Die Ausstellung, bei der auch Korrespondenzen des Malers vorgestellt werden, zeigt Liebermanns künstlerisches Schaffen vor dem Hintergrund der damaligen politischen Entwicklung in Deutschland. Das Werk Liebermanns, so wird deutlich, ist untrennbar mit den politischen Ereignissen seiner Zeit verbunden. Der Lernphase, die durch den akademischen Einfluss geprägt ist, folgt eine Phase, in der seine Bilder in zunehmend hellen Farben gehalten sind. Mit der Machtübernahme durch die Nationalsozialisten werden die Bilder dunkler. Und erst nach Kriegsende findet Liebermann wieder zu helleren Farben zurück, wodurch die Bilder optimistischer wirken. Die letzte Schaffensphase zeichnet sich durch experimentierfreudige Collagen aus. Den Besuchern der Neu-Ulmer Ausstellung erschließt sich Werk und Leben des Malers Richard Liebermann auf interessante Weise. Leider haben die Veranstalter aber kaum berücksichtigt, dass es sich bei Liebermann um einen gehörlosen Maler handelt. So gibt es auch keine adäquate Beschreibung der damaligen Politik und gesellschaftlichen Haltung gegenüber Gehörlosen. Es wäre beispielsweise interessant gewesen zu zeigen, wie das Verhältnis zwischen dem damaligen ‚Taubstummenlehrerverband‘ und ‚Taubstummenverbänden‘ aussah. Auch Informationen über den Stellenwert der Gebärdensprache im Unterricht wären von Interesse gewesen. Anhand solcher Informationen hätten die BesucherInnen ein Bild darüber bekommen, wie Gehörlose damals lebten.

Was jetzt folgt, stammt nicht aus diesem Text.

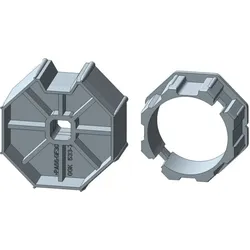 Rademacher Adapter-Set Small Intelligente Rohrmotoren für 40 Achtkantstahlwelle Typ AMI35-SW40 #93400718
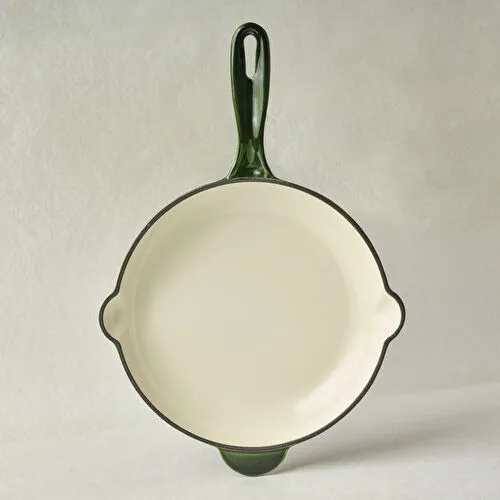 Karaca Heritage Demir Döküm Emayeli Tava Yeşil 26 cm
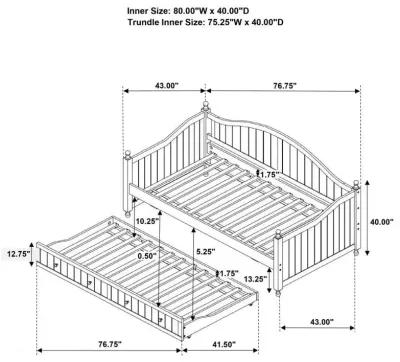 Julie Ann - Arched Back Day Bed With Trundle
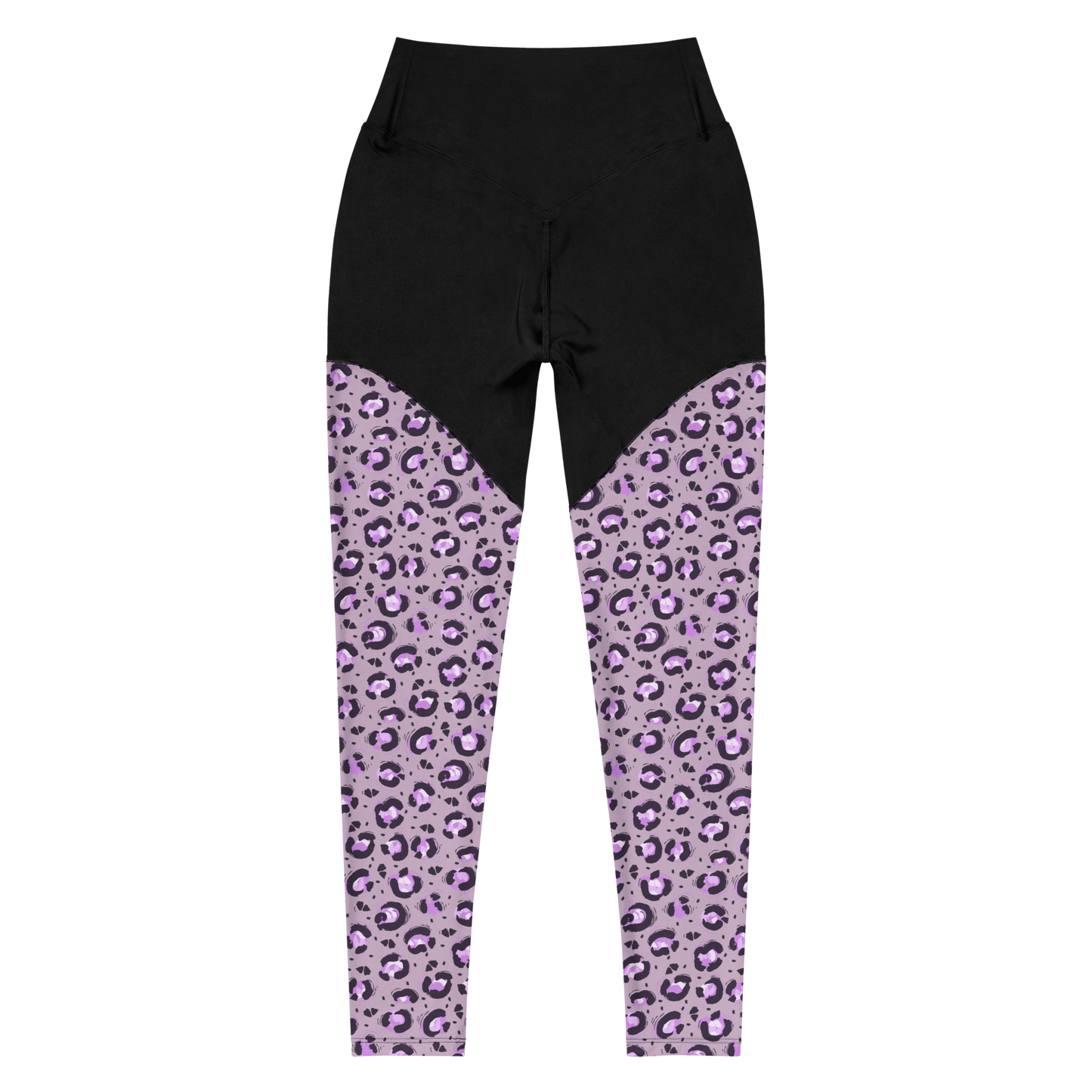 Purple African Cheetah - Compression Sports Leggings - Sports Leggings - GYMLEGGS LLC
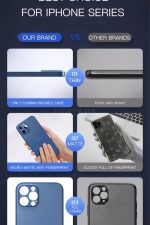 Iphone 12promax 6.68inç Ultra Ince Kılıf Arka Koruma 0.03mm Karbon Şeffaf Mat Parmak Izi Göstermez - Görsel 3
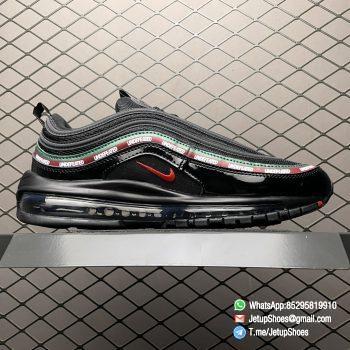 Best Replica Sneakers Undefeated x Air Max 97 OG Black Running Shoes SKU AJ1986 001 2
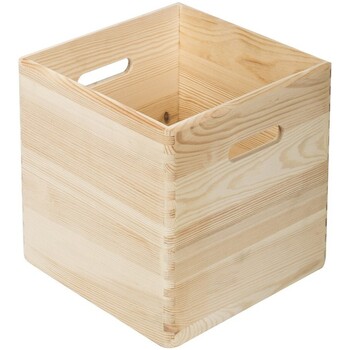 Maison & Déco Paniers / boites et corbeilles Calicosy Cube en pin massif - L30 x H30 cm Autres
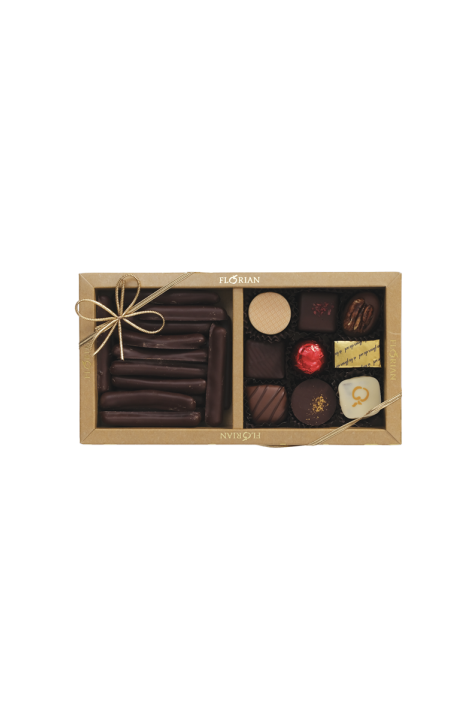 Coffret cadeau chocolat duo tradition - Confiserie Florian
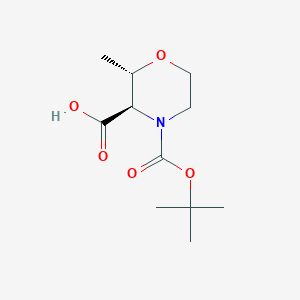 (2S,3R)-4-(Tert-butoxycarbonyl)-2-methylmorpholine-3-carboxylic acid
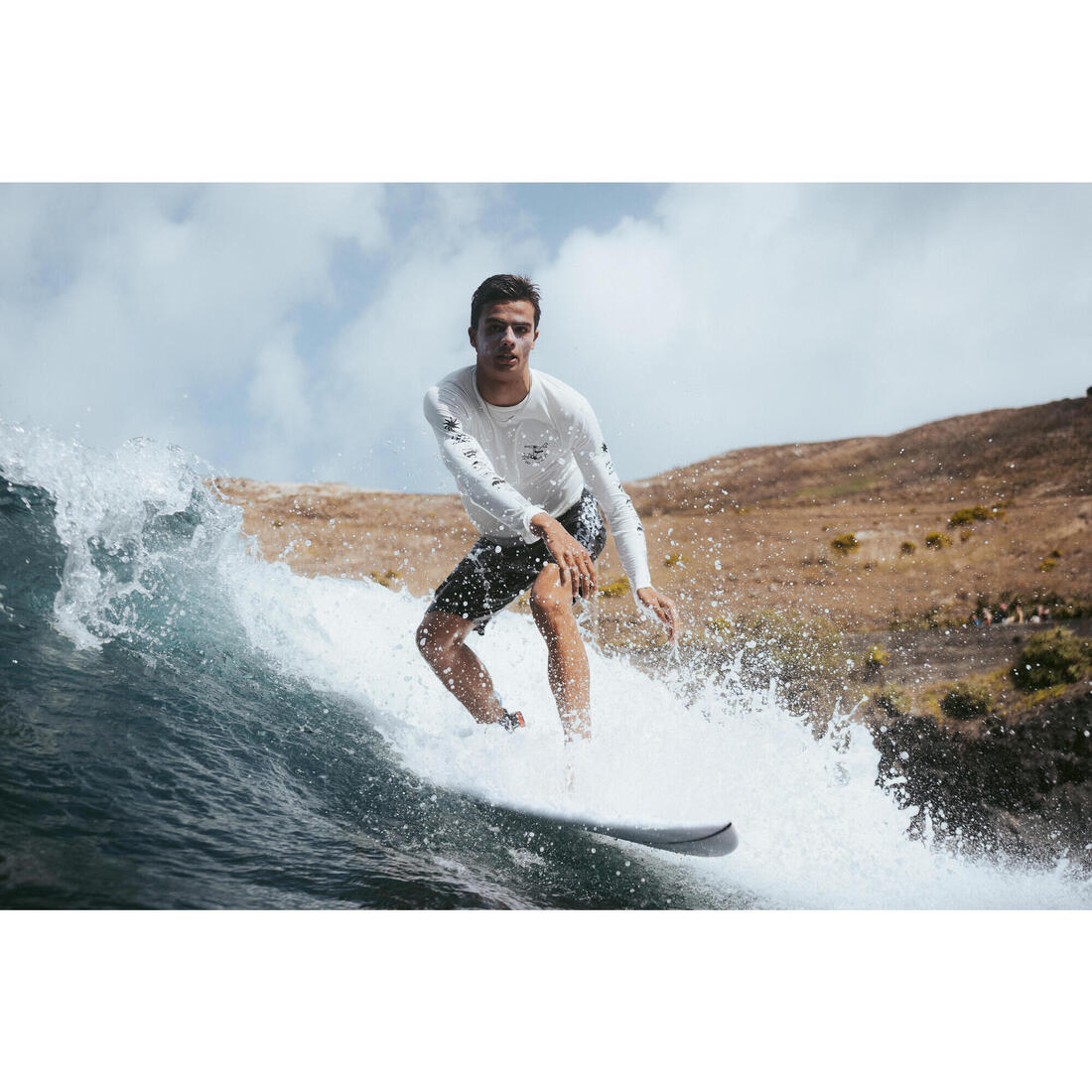 Polera UV niños manga larga surf morado blanco parma - Image 20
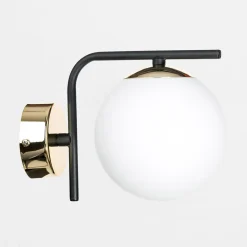 domiluce Kinkiet kula czarno-złoty AURORA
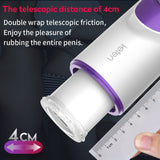 Telescopic Stretch Automatic Masturbator Realistic Silicone Vagina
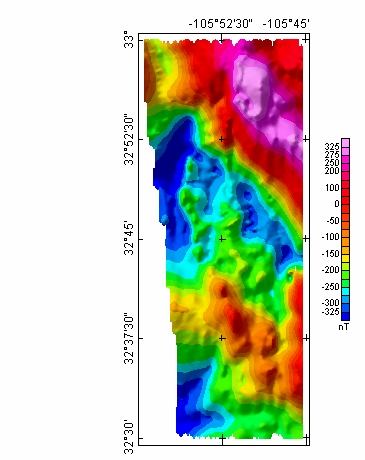 USGS Survey 4061 Aeromagnetic Map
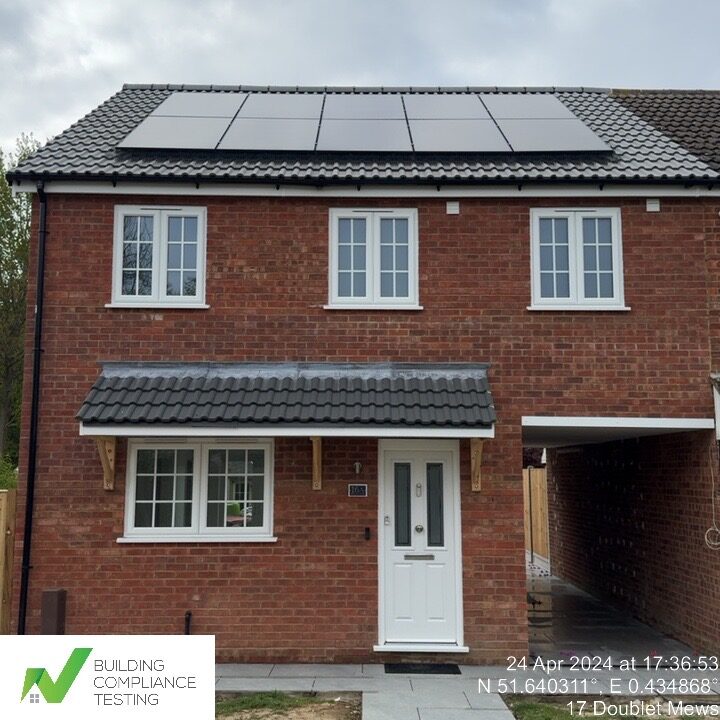 air tightness testing new build Billericay essex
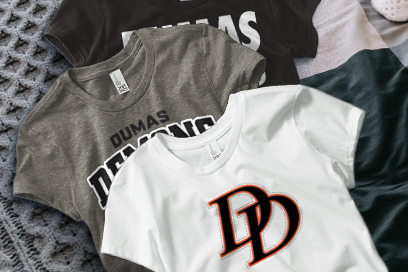 DUMAS HIGH SCHOOL DEMONS Tees (Option 1) Banner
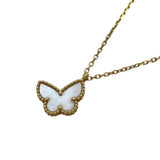 ヴァンクリーフ＆アーペル Van Cleef & Arpels スウィートアルハンブラパピヨンネックレス ゴールド Au750 マザー オブ パール ジュエリー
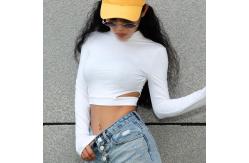 China Fitness Clothing Long Sleeve T-Shirt Women Sexy supplier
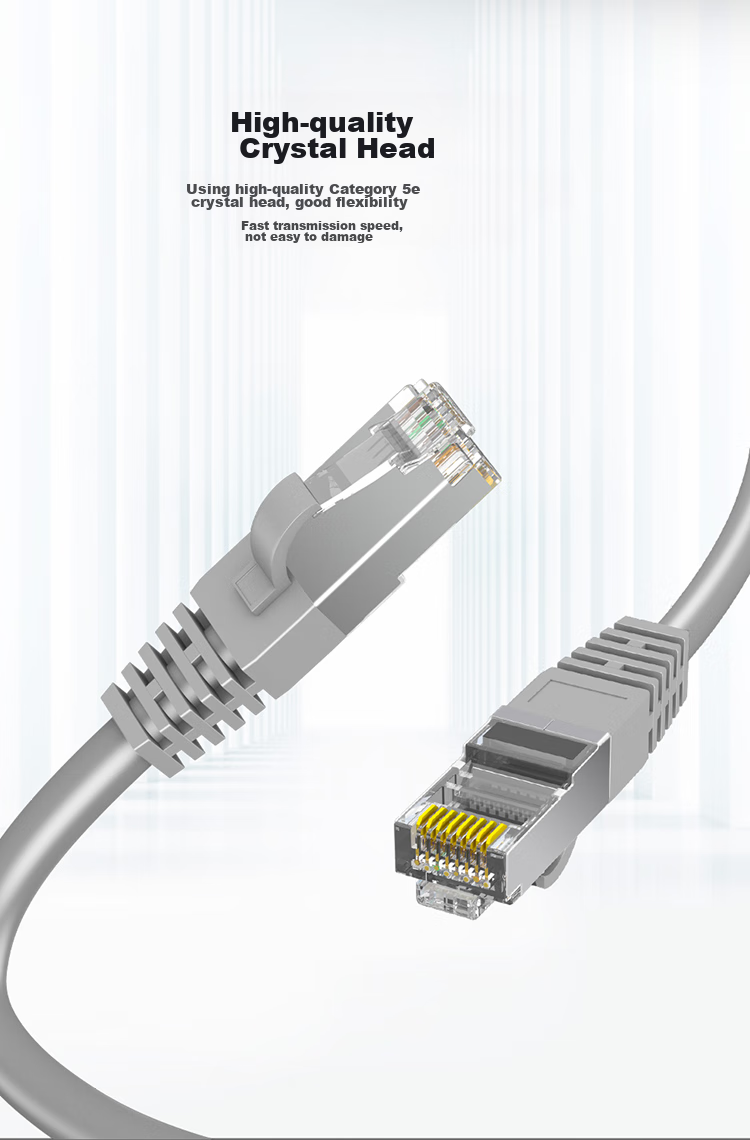 MAXCENT CAT5e Gigabit Ethernet Cable, Shielded Twisted Pair Network Patch Cord for Broadband Connection, Home And Office Installation, 1 Meter MC5-1P 5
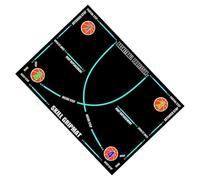 Colchoneta de Dribbling de Baloncesto,Equipo de Entrenamiento para Deportes con Pelota - Zonas de Pisada para Práctica de Baloncesto - Para Jugadores Adultos Equipos Escolares Entusiastas Del Fitness
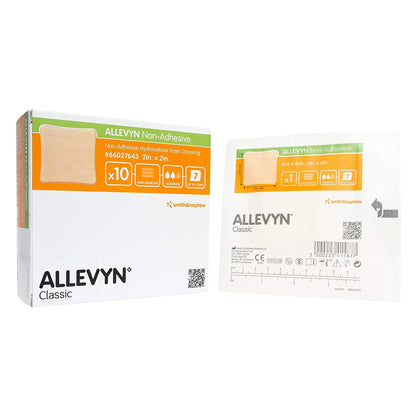 Allevyn Classic Nonadhesive without Border Foam Dressing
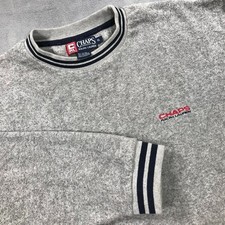 Vintage Chaps Ralph Lauren Sweater Mens XL Grey Fleece Y2K 90s Sweatshirt Skate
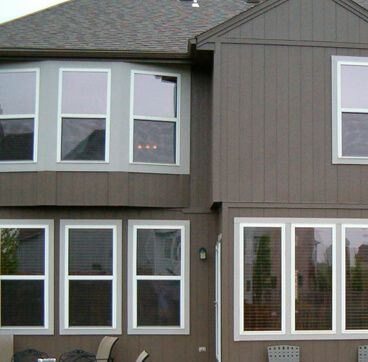 A house with a lot of windows on it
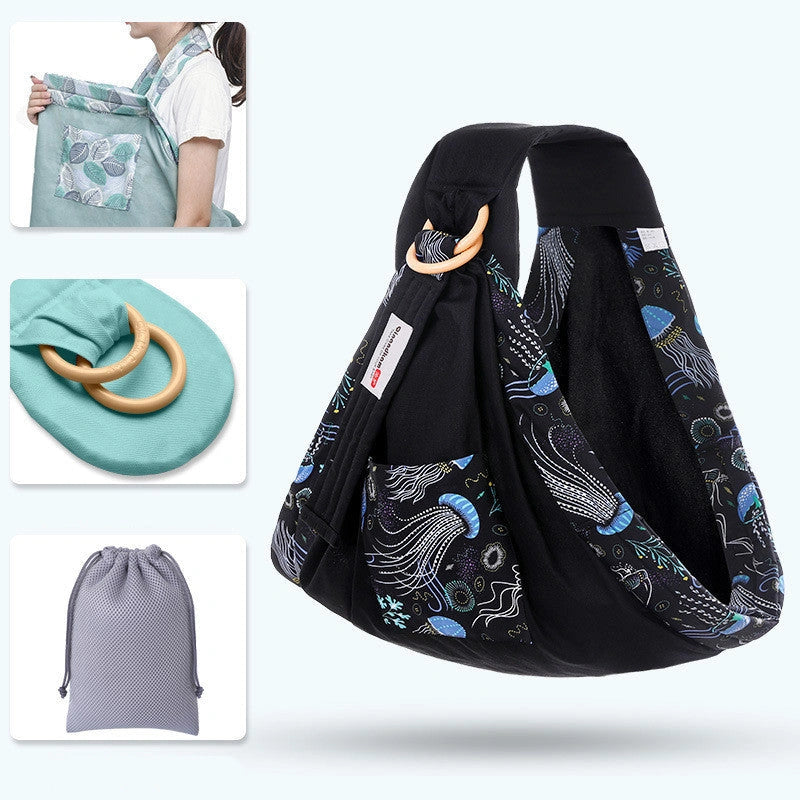 Adjustable Baby Wrap Carrier Sling with Breathable Fabric for Comfortable Nursing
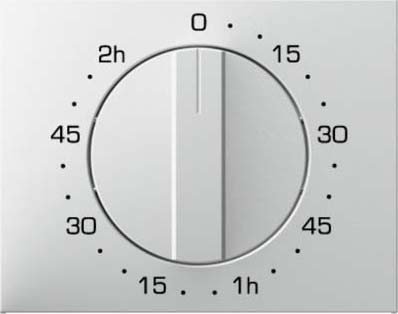 Tapa mando rot.120' K1,K5 en blanc polaire brillant pour interrupteur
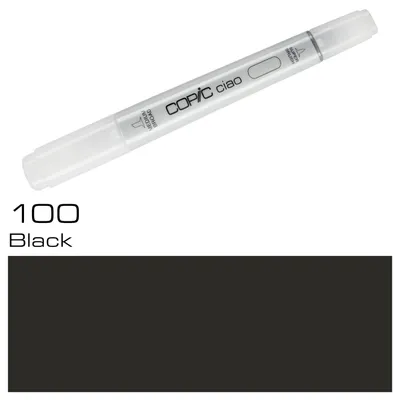 Produktbild von COPIC® Ciao 100 Layoutmarker schwarz, 1 St.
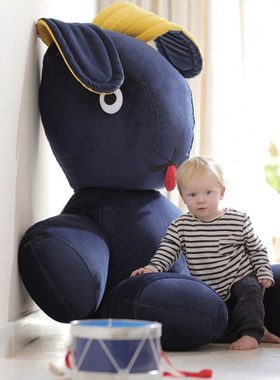 荷兰进口fatboy懒人沙发单人靠背公仔阳台休闲躺椅荷兰兔玩偶摆件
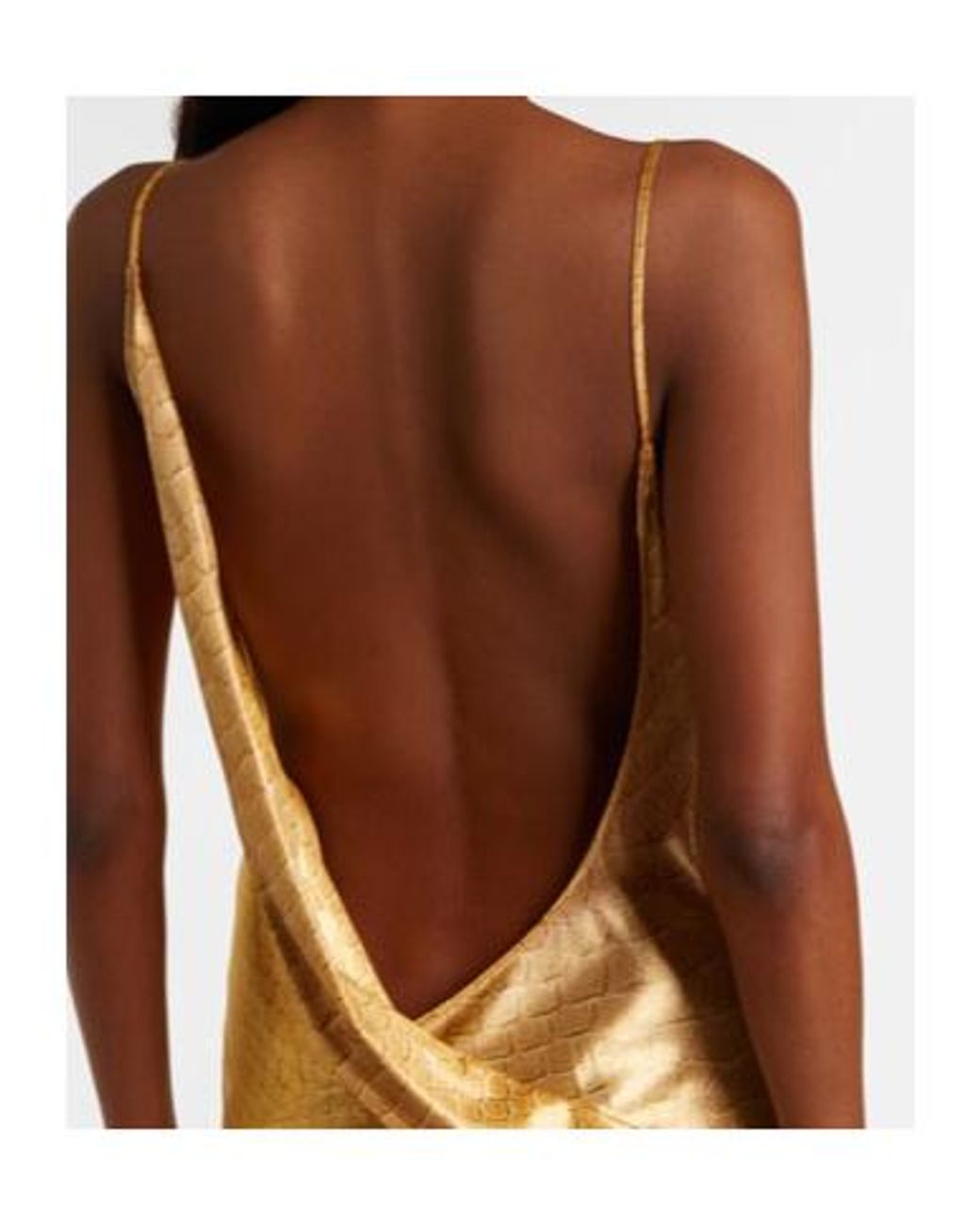 Roberto Cavalli Metallic Snake-Print Silk Gown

Der Maler Richard Liebermann ist aus Deaf-historischer Perspektive bedeutend: Liebermann war als Gehörloser und als Jude in die Gesellschaft integriert und kann daher in zweierlei Hinsicht als assimiliert bezeichnet werden. Er hatte Kontakte zu Albert Einstein und Max Liebermann und somit Zugang zu der Welt der Etablierten und Hörenden, was für einen Gehörlosen nicht selbstverständlich ist. Andererseits war Liebermann nicht in Gehörlosenvereinen tätig und trat auch nicht für deren politische Belange ein. Als gehörloser Maler konnte sich Liebermann, ähnlich wie andere gehörlose jüdische Maler, durch seine Bilder entfalten, ohne auf die ‚hörende Welt‘ angewiesen zu sein. Aus den Lebensgeschichten von Richard Liebermann und Rudolf Franz Hartogh kann man sehen, dass Gehörlose damals als Maler eine akademische Ausbildung erlangen konnten. Gehörlose konnten sich über die visuelle Ebene als Maler im Wettbewerb mit Hörenden, in einer Welt der Hörenden, etablieren und Karriere machen.